____ Dataset section
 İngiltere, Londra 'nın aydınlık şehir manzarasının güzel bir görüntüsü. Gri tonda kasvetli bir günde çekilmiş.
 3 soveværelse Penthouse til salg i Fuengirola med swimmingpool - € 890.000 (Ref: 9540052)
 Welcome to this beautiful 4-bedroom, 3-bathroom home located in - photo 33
________
Problem to solve: When you reply, retype each line exactly as it appears above.

Result of this task:
 İngiltere, Londra 'nın aydınlık şehir manzarasının güzel bir görüntüsü. Gri tonda kasvetli bir günde çekilmiş.
 3 soveværelse Penthouse til salg i Fuengirola med swimmingpool - € 890.000 (Ref: 9540052)
 Welcome to this beautiful 4-bedroom, 3-bathroom home located in - photo 33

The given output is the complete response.